WHAT IS REQUIRED: The reply should consist solely of the lines from the one that holds "70744 275th Avenue, Lake City, MN 55041" through the last line of the material, reproduced exactly; no pictures belong in it.

RECORDED INFORMATION:
== == ==

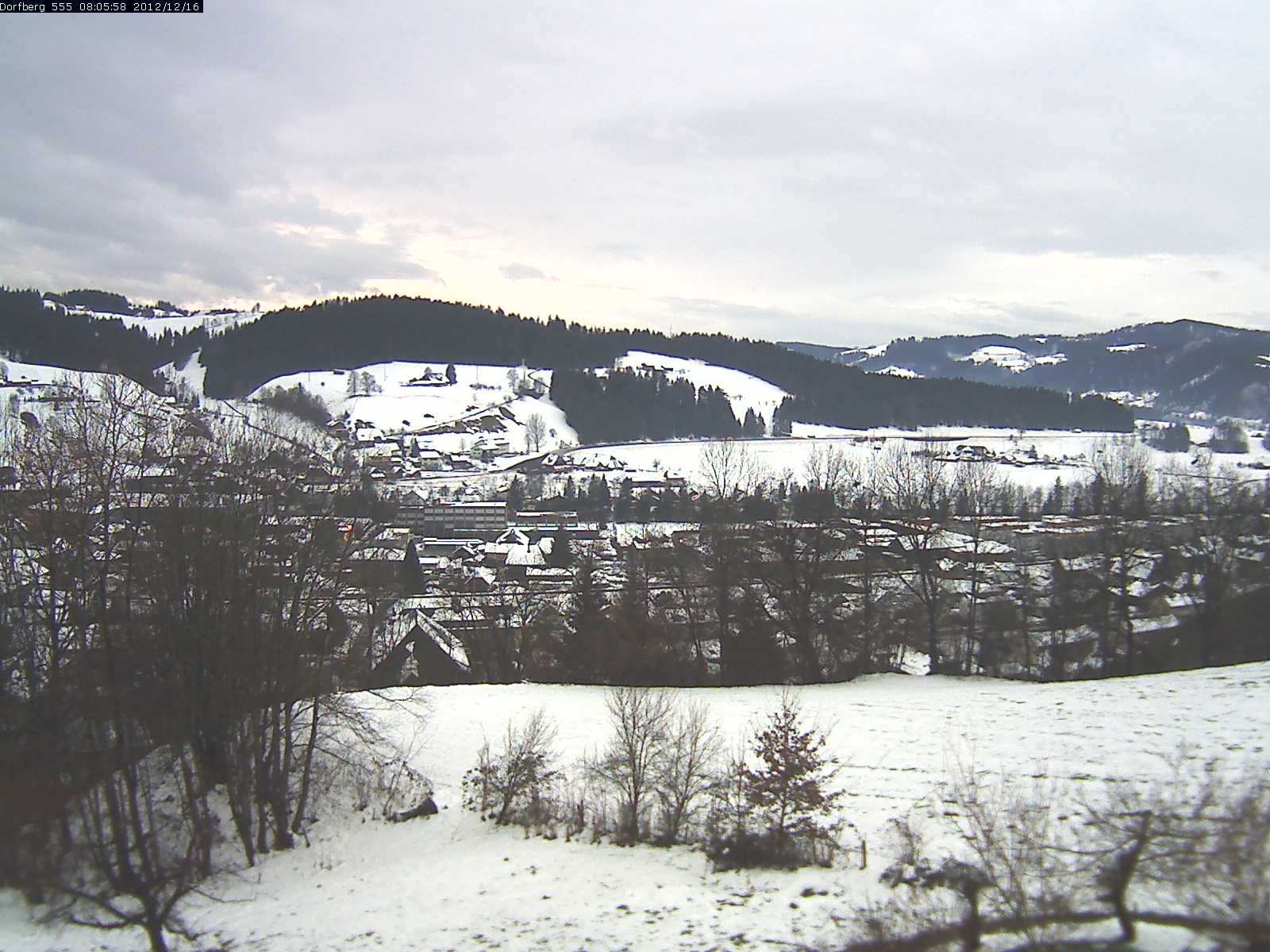 Webcam-Bild: Aussicht vom Dorfberg in Langnau 20121216-080600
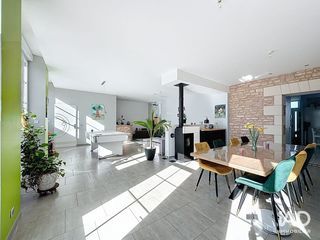  Maison � vendre 6 pi�ces 210 m�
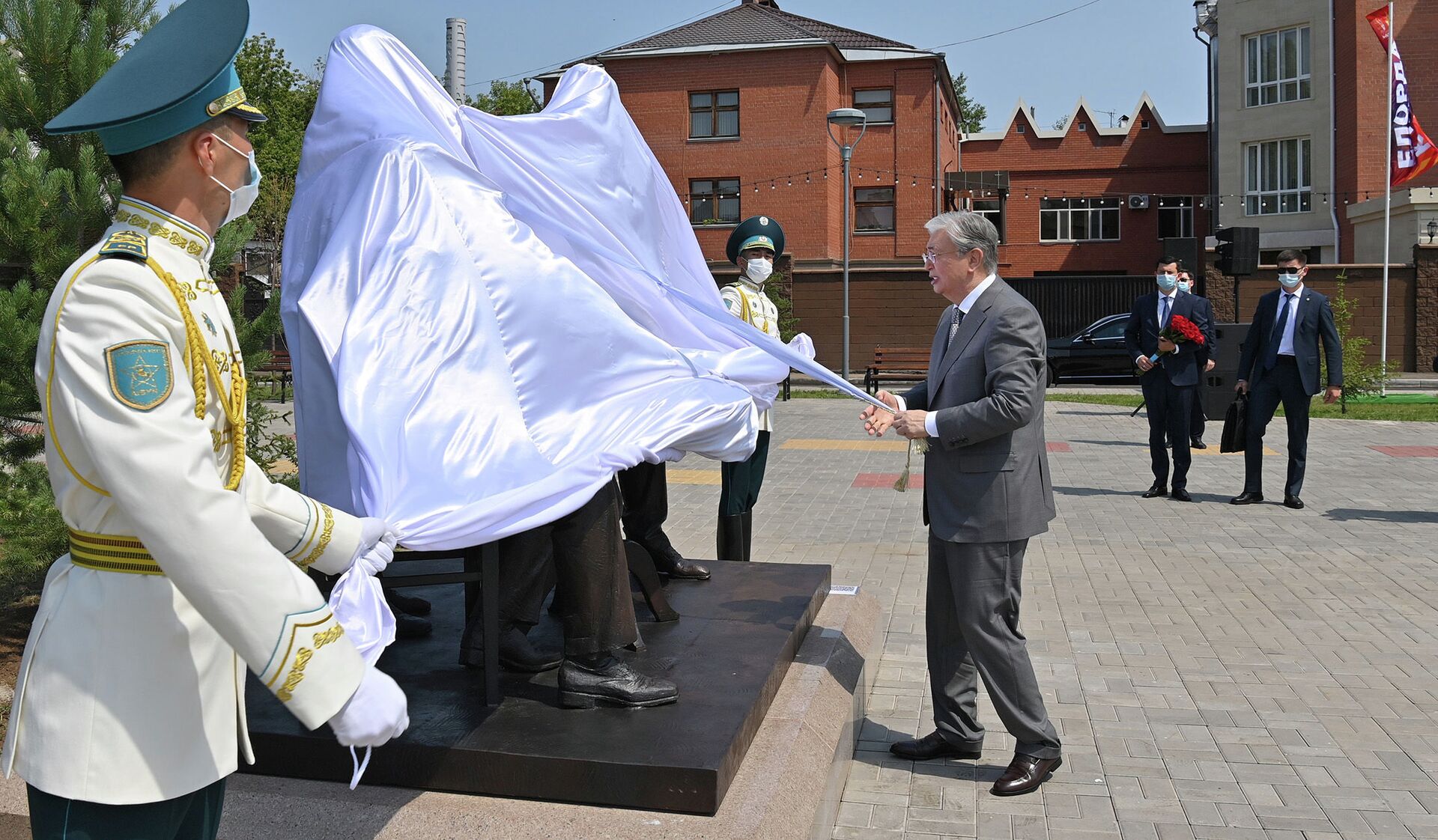 Памятник основателям партии Алаш открыл Токаев - Sputnik Казахстан, 1920, 04.07.2021
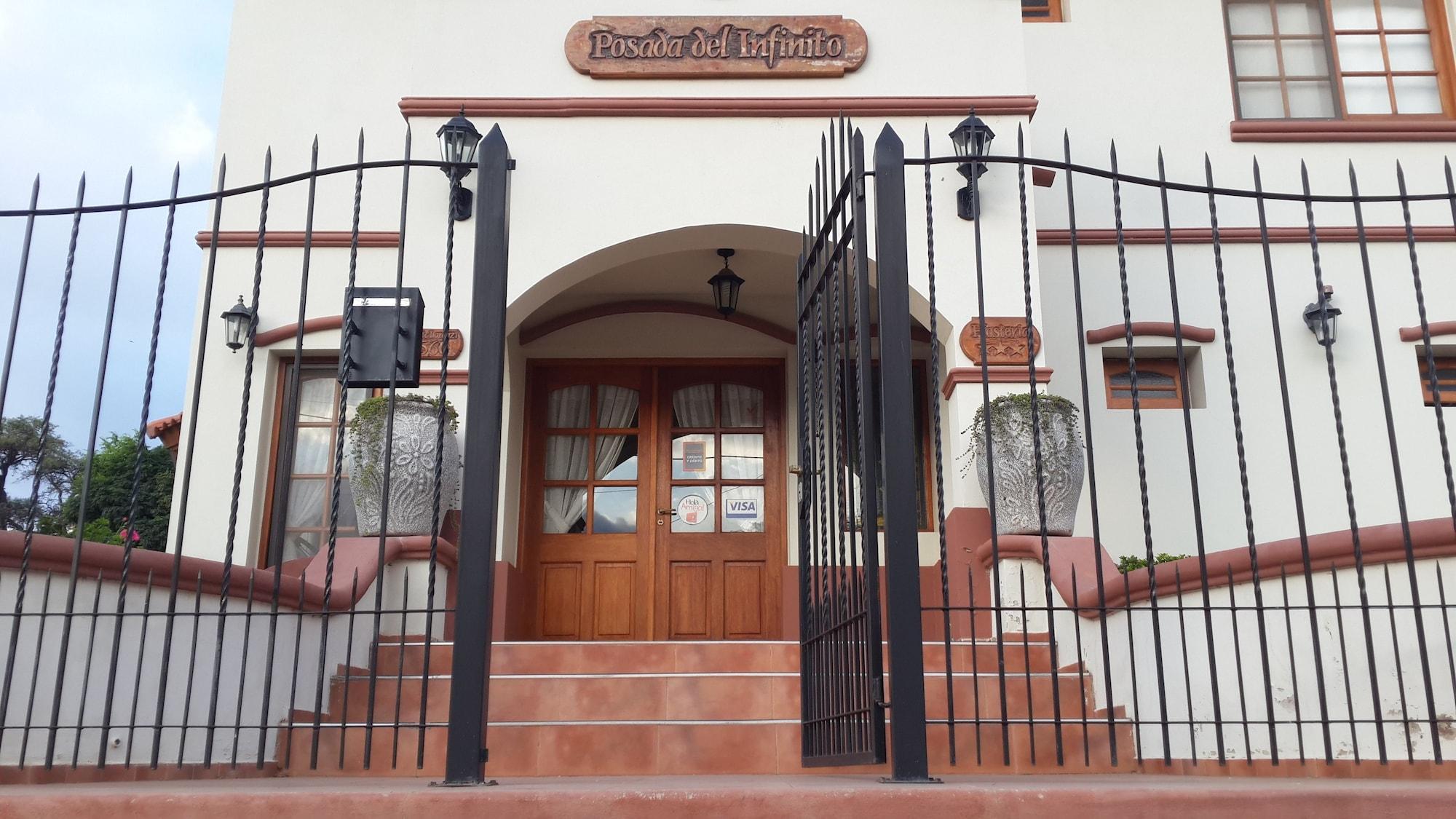 Vista Exterior Posada del Infinito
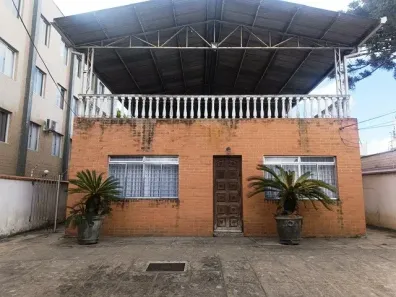 Imóvel Comercial com 4 Quartos para alugar, 234m² no Rebouças, Curitiba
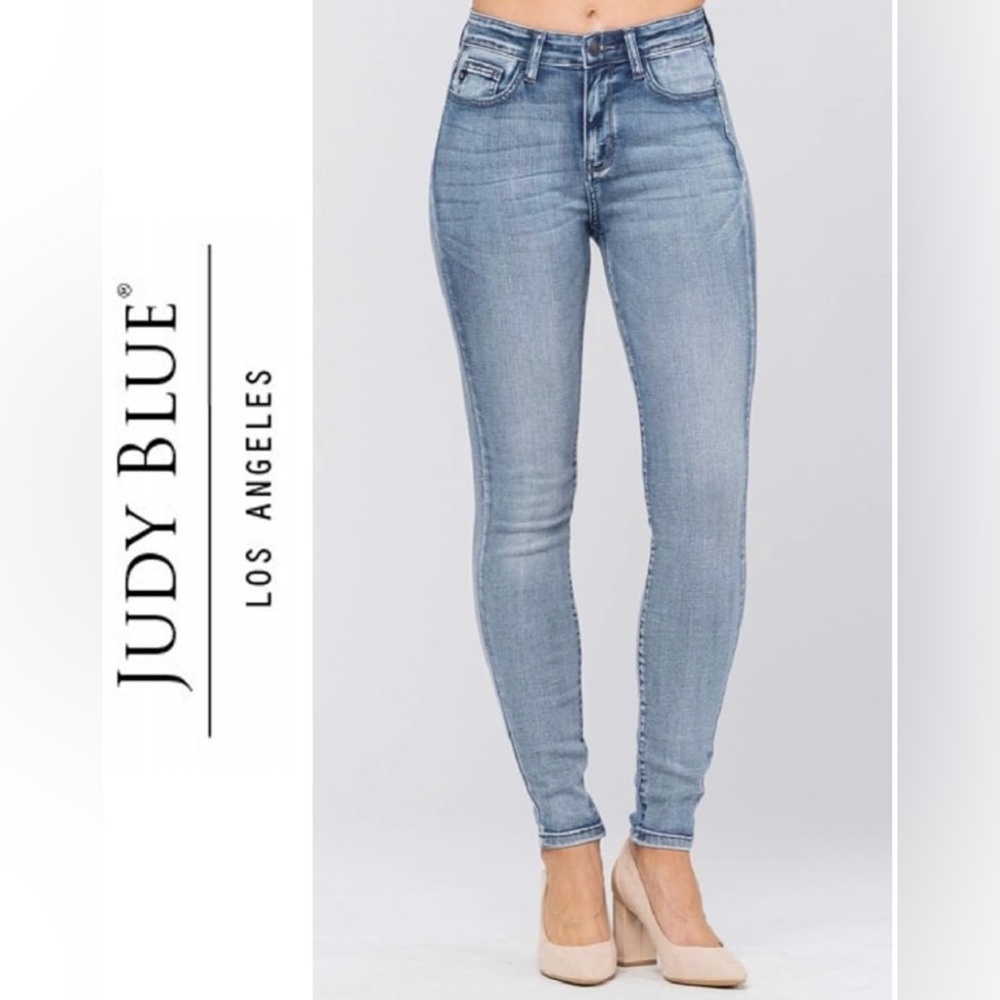 Judy Blue Los Angeles Women’s Sz 13|31‎ High Rise Heavy Handsand Skinny Jeans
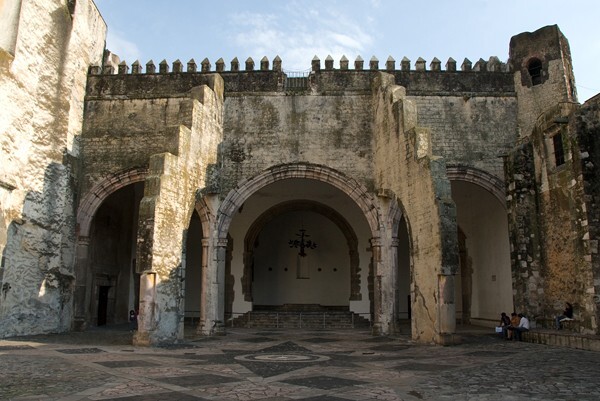 Capilla abierta - La Asunción de Nuestra Señora (Catedral), façade, porciúncula door, capilla abierta, cloister
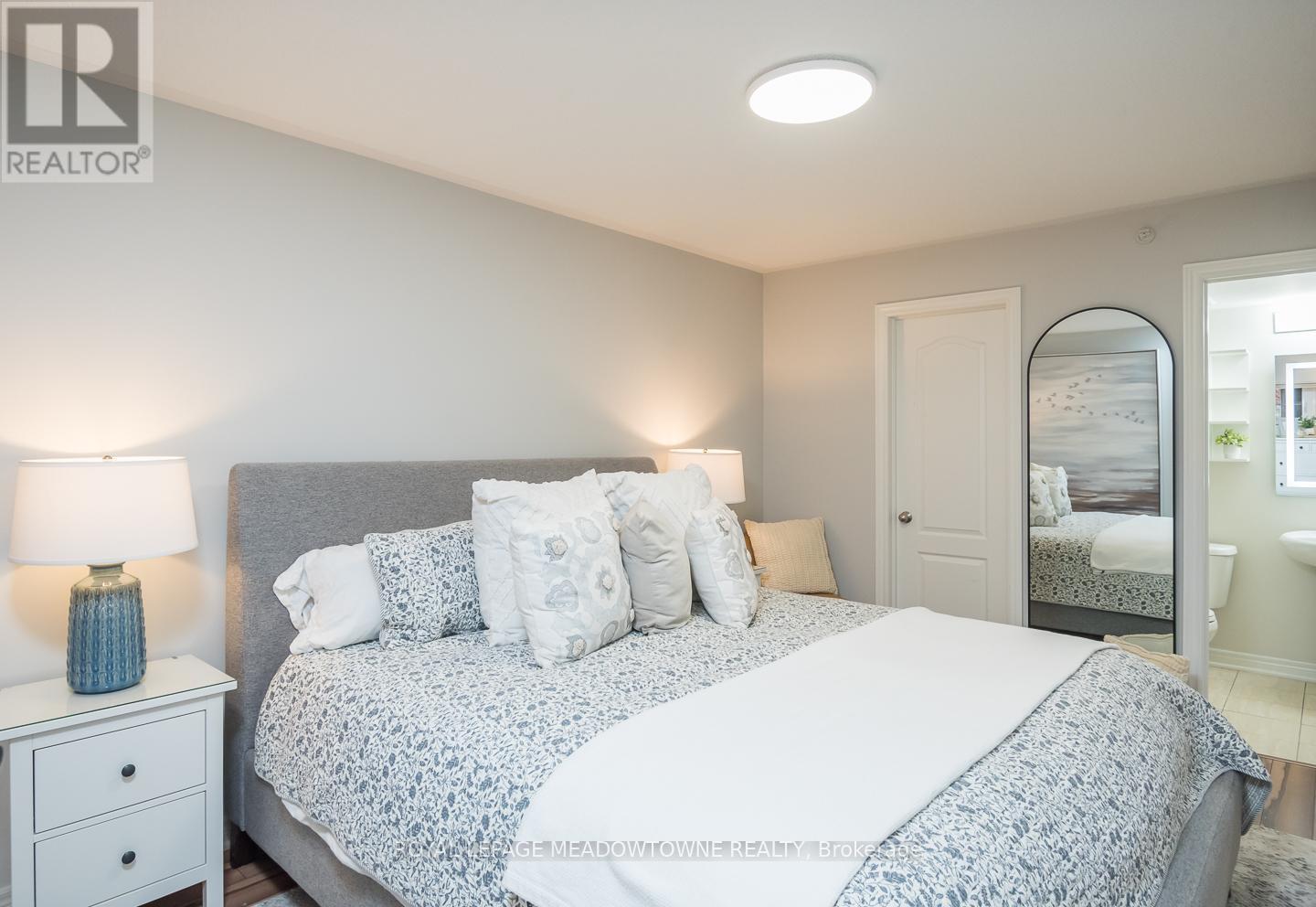 












10 - 51 HAYS BOULEVARD

,
Oakville,




Ontario
L6H0J1

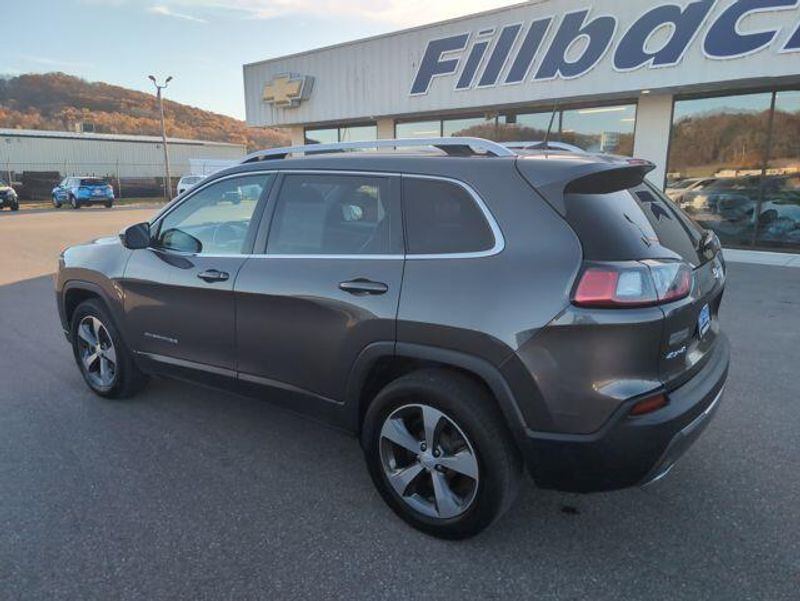 2019 Jeep Cherokee Limited photo 3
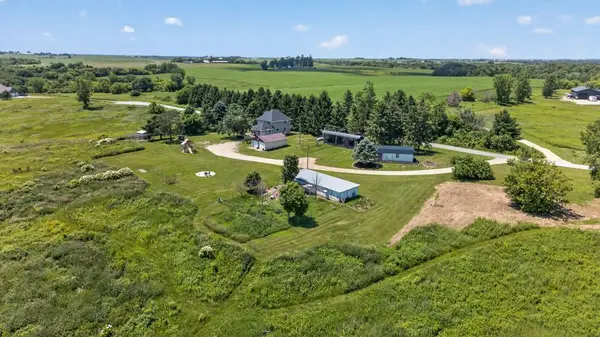 70744 275th Avenue, Lake City, MN 55041
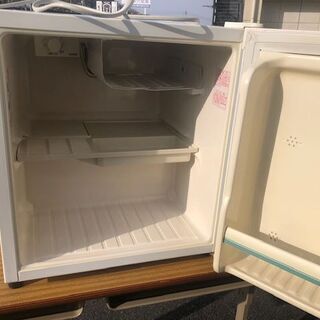 冷蔵庫　小の画像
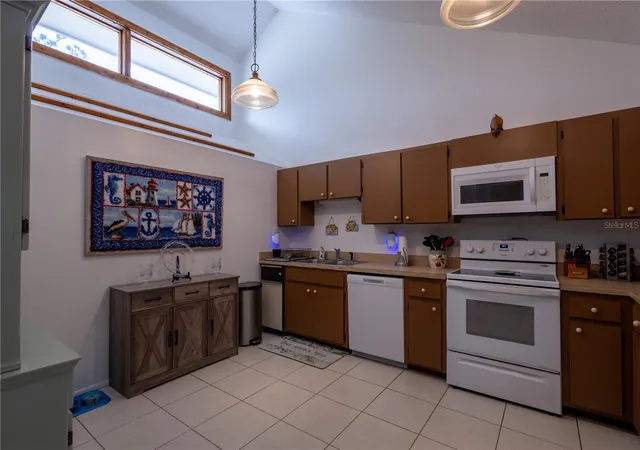 Homes for sale in Sarasota, FL | 7913 Pineglen Ct #34, Sarasota, FL 34238 | MLS# A4695983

== == ==

EXPECTED ANSWER:
 70744 275th Avenue, Lake City, MN 55041
 冷蔵庫　小の画像
 Homes for sale in Sarasota, FL | 7913 Pineglen Ct #34, Sarasota, FL 34238 | MLS# A4695983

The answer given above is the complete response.